To achieve adoption, the Queen's University panel would need to compete with tests that use BNP and NT-BNP, which are measured on well-established ELISA platforms. In favor of the prospects for the multiplex panel, hospital laboratories are increasingly adopting mass spectrometry, according to Tonry.
"An improvement in the accuracy of diagnosis of heart failure is always welcome," Thomas Kaier, a cardiovascular sciences research fellow at King's College London, said in an interview. Kaier is not involved in the development of the Belfast University multiplex panel, but he is developing a point-of-care blood test to diagnose heart attacks that uses cardiac myosin-binding protein C as a biomarker.
He noted that the Queen's University researchers will need to overcome some hurdles in achieving adoption.

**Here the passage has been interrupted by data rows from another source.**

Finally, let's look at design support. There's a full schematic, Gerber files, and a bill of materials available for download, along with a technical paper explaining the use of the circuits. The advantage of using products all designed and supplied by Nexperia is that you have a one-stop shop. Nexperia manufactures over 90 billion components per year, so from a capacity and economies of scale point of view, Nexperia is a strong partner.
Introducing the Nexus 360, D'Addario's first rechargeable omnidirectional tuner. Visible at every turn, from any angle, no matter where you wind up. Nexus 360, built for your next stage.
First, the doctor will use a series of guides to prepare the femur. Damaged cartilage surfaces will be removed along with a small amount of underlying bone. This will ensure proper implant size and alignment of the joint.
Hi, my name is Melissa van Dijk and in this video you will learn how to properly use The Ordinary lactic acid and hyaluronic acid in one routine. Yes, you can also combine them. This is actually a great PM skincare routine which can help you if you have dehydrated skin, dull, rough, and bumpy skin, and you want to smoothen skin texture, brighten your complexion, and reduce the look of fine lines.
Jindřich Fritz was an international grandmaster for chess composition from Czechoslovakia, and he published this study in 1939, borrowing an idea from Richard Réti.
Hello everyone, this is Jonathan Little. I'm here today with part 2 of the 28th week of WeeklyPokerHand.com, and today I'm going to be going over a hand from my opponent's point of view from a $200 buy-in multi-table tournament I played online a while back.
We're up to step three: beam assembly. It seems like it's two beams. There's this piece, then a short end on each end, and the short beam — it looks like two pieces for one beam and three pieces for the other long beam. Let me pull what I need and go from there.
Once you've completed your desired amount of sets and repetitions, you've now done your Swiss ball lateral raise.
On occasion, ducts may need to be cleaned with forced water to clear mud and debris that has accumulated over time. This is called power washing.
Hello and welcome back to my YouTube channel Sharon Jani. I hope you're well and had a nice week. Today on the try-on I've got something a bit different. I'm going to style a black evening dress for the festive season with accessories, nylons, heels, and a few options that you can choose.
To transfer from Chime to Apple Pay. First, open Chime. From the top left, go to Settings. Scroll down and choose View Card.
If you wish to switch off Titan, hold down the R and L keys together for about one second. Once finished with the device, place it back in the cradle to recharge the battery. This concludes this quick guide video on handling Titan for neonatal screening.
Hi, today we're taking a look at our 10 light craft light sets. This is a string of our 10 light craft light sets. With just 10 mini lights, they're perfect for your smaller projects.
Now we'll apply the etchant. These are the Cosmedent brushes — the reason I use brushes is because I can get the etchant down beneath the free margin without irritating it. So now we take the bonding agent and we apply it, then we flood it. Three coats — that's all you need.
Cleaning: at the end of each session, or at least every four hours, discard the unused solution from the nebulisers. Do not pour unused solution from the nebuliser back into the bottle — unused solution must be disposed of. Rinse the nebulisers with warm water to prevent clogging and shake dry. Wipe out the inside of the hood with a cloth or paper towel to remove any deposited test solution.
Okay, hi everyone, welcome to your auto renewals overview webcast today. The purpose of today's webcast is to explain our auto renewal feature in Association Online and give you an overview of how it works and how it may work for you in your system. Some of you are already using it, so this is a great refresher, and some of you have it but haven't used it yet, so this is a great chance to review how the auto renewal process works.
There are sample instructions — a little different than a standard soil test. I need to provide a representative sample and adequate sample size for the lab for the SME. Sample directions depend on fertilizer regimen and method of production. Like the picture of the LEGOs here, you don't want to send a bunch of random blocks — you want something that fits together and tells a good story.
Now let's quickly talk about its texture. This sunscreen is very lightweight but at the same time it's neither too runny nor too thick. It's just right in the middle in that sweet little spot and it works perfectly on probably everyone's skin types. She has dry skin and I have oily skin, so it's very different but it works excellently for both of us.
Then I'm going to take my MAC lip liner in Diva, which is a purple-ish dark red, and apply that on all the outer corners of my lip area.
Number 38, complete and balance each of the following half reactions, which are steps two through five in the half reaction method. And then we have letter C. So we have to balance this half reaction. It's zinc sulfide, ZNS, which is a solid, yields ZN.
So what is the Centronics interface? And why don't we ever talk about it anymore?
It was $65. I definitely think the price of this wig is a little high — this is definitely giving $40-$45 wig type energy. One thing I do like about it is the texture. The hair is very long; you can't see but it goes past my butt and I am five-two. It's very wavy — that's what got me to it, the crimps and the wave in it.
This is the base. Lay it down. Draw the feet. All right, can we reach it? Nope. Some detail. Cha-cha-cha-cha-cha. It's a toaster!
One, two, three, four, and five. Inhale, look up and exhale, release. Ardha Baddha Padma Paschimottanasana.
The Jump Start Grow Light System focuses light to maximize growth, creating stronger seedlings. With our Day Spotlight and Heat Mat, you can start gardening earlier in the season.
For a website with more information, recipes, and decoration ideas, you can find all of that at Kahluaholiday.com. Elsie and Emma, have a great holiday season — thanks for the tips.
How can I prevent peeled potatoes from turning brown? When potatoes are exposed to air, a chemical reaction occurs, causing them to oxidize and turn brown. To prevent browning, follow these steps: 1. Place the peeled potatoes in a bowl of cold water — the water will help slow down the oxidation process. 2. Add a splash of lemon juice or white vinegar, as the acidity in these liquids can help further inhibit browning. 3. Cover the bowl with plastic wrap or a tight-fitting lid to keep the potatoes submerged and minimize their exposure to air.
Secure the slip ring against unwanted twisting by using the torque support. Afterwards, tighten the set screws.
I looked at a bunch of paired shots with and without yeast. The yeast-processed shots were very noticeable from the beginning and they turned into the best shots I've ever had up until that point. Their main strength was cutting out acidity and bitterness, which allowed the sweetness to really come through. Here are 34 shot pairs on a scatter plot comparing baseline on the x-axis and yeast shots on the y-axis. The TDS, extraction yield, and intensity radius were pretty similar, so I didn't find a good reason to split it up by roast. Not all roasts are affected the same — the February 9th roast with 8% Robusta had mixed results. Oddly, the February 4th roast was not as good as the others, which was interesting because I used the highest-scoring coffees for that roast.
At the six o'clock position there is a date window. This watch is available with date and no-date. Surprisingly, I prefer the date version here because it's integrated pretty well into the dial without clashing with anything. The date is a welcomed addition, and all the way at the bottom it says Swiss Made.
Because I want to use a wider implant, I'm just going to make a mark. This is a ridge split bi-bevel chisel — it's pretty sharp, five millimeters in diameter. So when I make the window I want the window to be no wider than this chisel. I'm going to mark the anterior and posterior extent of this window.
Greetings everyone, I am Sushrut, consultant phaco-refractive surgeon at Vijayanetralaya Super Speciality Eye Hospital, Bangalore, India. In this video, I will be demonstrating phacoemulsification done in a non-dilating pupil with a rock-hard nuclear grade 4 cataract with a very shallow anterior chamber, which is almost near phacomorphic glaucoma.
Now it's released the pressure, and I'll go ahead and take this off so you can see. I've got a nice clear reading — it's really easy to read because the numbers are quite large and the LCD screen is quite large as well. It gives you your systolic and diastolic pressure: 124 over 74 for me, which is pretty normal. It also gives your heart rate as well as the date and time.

BNP and NT-proBNP are "excellent markers for ruling out heart failure," he said. Further, the specificity of the Queen's University panel, 64 percent in the recent study, "would require imaging tests to confirm the diagnosis" and guide treatment based on the type and severity of heart failure, he said.
Tonry said that the Queen's University researchers are investigating methods to quickly interpret panel data. Imaging might not be needed, she said, because they are looking at developing the potential of the panel to interpret types of heart failure based on differences in protein expression.
It will probably take a couple of years to confirm the panel's clinical utility, and the groups' success will depend partly on obtaining funding to achieve commercial objectives, Tonry said.